Synthesis of Ultralight and Porous Magnetic g-C3N4/g-Carbon Foams with Excellent Electromagnetic Wave (EMW) Absorption Performance and Their Application as a Reinforcing Agent for 3D Printing EMW Absorbers

Herein, magnetic g-C3N4/g-carbon foams (CNFs) are fabricated via impregnating the as-prepared melamine–formaldehyde (MF) foams in iron acetylacetone (Fe­(acac)3) N,N-dimethylformamide (DMF) solutions with different concentrations followed by in situ pyrolysis. The corresponding electromagnetic wave (EMW) absorption behaviors are investigated. CNFs display solid 3D foam architectures with narrow and smooth skeletons, which consist of graphitic C3N4/carbon and CFe15.1. The in situ as-synthesized α-Fe, Fe3O4, and Fe3C particles are dispersed on the skeleton surface. With the increase of Fe elemental content, the EMW absorption performance of CNFs is enhanced. Among them, the minimum reflection loss value of CNF-3 is as low as −52.17 dB, with a matching thickness (tm) of 4.25 mm and a broad effective absorbing bandwidth of 9.37 GHz.

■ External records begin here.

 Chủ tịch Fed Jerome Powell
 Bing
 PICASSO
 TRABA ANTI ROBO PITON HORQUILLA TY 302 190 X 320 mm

Besides, CNF-3 exhibits potential simultaneously effective absorption performance from the X-band to the Ku-band. This superior absorption behavior is attributed to Maxwell–Wagner–Sillars polarization, residual loss effect, enriched interface polarization effect, and macroporous structures. Further research studies demonstrate the potential application of CNF-3 as a reinforcing agent for PCL-based 3D printing EMW absorbers with improved mechanical properties. The corresponding EMW absorption matching frequency can be adjusted by the number of 3D printing layers.